Hani bazı yaşlı komşu teyzeler vardır, meraklı. Hayatlarının geri kalanını evlerinin balkonundan sarkıp onu bunu gözetleyerek ya da insanları yolda durdurup soru bonbardımanına tutarak, o ne yapmış – bu ne demiş – şu kiminle nerdeymiş öğrenmek için harcayan meraklı teyzeler. İşte onlardan biri, hem  de kızıyla –artık onun ne kadar meraklı biri olabileceğini hayal gücünüze bırakıyorum- bayramda ziyaretinize gelirse ne olur? Valla sizi bilmem ama bize geldiler ve işte şunlar oldu:

Hem oldukça uzun zamandır bayramı ablamlarla geçiremediğimden hem de annem belindeki osteoporoz kırıklarından dolayı operasyon geçirdiğinden, bayram öncesi İzmir’e geldim ve yaklaşık bir haftadır buradayım.

Sabahın erken saatlerinde balkonda keyif çayı içerken “Özleeemm!” diye üst kat balkondan sarkıp ablamdan havadis öğrenmeye çalışan meraklı yaşlı teyze, ablam sorularını cevaplamak için balkona çıkmayınca eniştemle yetinmek zorunda kalmıştı. Ondan, annemin ablamda kalmaya geldiğini, rahatsız olduğunu bir çırpıda öğrendikten sonra annemle ilgili sorularını bitirip enişteme “Sen emekli oldun mu oğlum?” diye sorduğunu duyunca teyzemizi aşağı sarkarken, eniştemi de boynu koparak ona laf yetiştirmeye çalışırken balkonda bırakıp içeri kaçmıştım. Ama teyzemden kaçamamışım meğer. Zira meraklı komşu teyze akşamüstü kapıyı çalıp “İyi bayramlar, annen nerede?” dediğinde sorusuna verdiğim, “Uyuyor” cevabıma aldırış bile etmeden, yaşına başına aldırmayan çevikliğiyle kendini içeri atıverdi. Yanında da kızı vardı.

Annemin uyuyor olmasına aldırmayarak gidip yanına oturan yaşlı teyze ve kızının, annem orada değilmiş gibi kendi aralarındaki sohbet görülmeye olmasa da duyulmaya değerdi. Zira ben, bu muhabbetten boğulacağımı anlayıp salondan çok da uzakta olmayan mutfakta kalmayı tercih ederek  tüm konuşmaları oradan takip ettim.

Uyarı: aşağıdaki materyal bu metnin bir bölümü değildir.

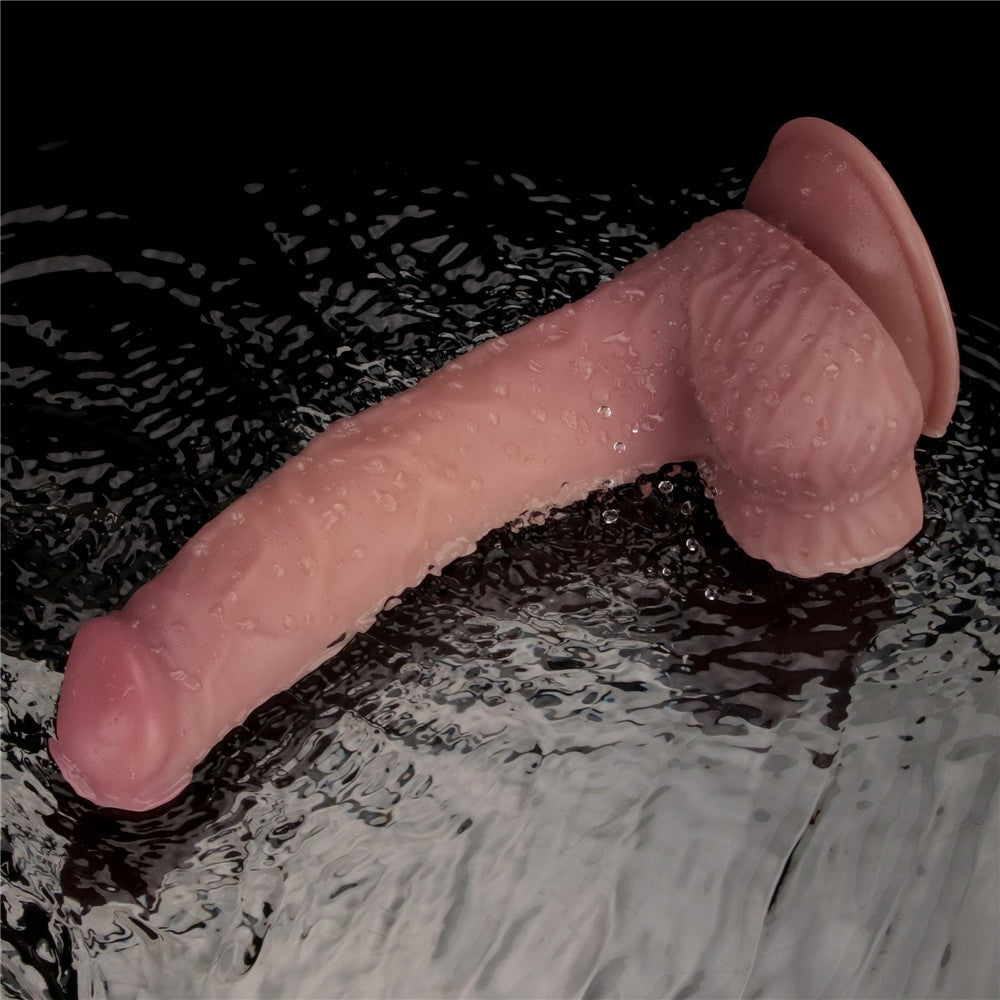 9" Dual-Density Vibrating Penis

Yaşlı teyze: Neyin var komşum? Ben senin burada olduğunu bilmiyordum. Sabah damadından öğrendim.

Annem: Ameliyat oldum belimdeki kırıklardan.

Yaşlı teyzenin kızı: Nesi var teyzenin? Sırt çökmesi mi? –Anneme sorsana kendi annene soracağına-

YT: Sırtındaki kemiklerde problem var; kızı fizik tedaviye götürüyor.

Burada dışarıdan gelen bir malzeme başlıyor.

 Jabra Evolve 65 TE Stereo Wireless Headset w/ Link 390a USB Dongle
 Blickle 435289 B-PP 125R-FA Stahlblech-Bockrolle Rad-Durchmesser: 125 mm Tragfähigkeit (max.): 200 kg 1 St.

YTK: Nasıl götürüyor? Arabayla mı? (Ne alâka?)

YT: Arabayla arabayla. Kocası da yoktu burda kızın, her şeyle kendi uğraşıyordu iki senedir. Şimdi kocası buraya tayin oldu da biraz daha rahatladı.

YTK: Kaç kardeşler?

YT: İki. Bu kızı (buradaki “bu”, ben oluyorum) küçük olan. O da yeni evlendi. (!!) –Hayret bunu yanlış biliyor-

YTK: Nerde oturuyormuş bu kızı?

YT: İstanbul’da.

YTK: Büyük damat nereli?

YT: Buralı, İzmirli o. (Maşallah her şeyi de biliyorsun teyzecim)

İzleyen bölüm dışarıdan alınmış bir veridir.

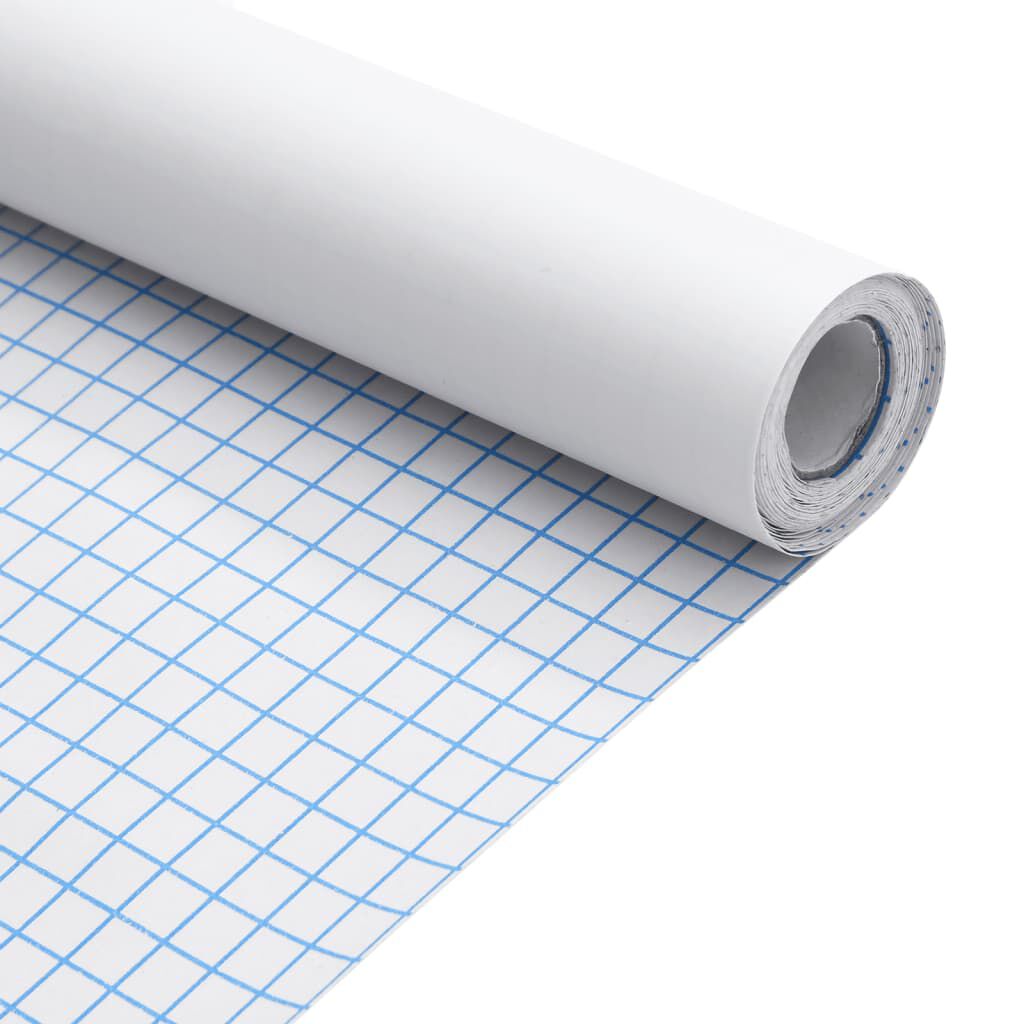 vidaXL Αυτοκόλλητα Επίπλων Ματ Λευκά 90 x 500 εκ. από PVC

YTK: Ee, teyze evinde yalnız mı yaşıyor? –Tekrar söylüyorum; annem de orada, bilmem farkında mısın? Sorularını hâlâ ona sorabilirsin-

YT: Evet evet yalnız yaşıyor kadıncağız.

YTK: Amca yok mu teyze? (Hayret, geldiklerinden beri annemi yeni farketti!)

Annem: Yok, kaybettik.

YTK: Amca ne iş yapıyordu teyze? (Yuh! Demek istiyorum artık.)

Annem: Tüccardı. (Sanane desene anne)

YT: Bizim de komşulardan birinin annesi ölmüş, birinin de 22 yaşında oğlu ölmüş. İki ölüm birden. (Annem hasta yatağında, bilmem farkettiniz mi? Ölümden bahsetmenin sırası mı???)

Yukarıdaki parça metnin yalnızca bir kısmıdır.